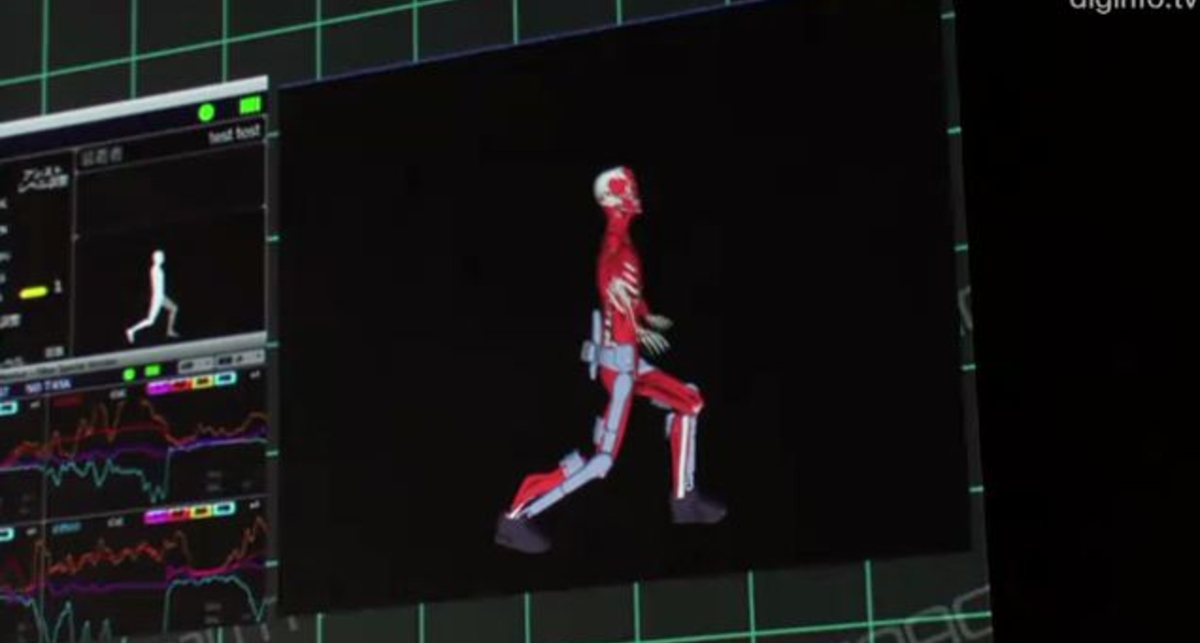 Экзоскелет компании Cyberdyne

_ _ _

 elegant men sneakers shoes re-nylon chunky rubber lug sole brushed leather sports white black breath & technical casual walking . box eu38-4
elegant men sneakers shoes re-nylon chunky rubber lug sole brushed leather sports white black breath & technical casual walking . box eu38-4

_ _ _

Your objective -
Scan the listing above for the word "rubber" and copy every line that holds it.

Response to this task -
 elegant men sneakers shoes re-nylon chunky rubber lug sole brushed leather sports white black breath & technical casual walking . box eu38-4
elegant men sneakers shoes re-nylon chunky rubber lug sole brushed leather sports white black breath & technical casual walking . box eu38-4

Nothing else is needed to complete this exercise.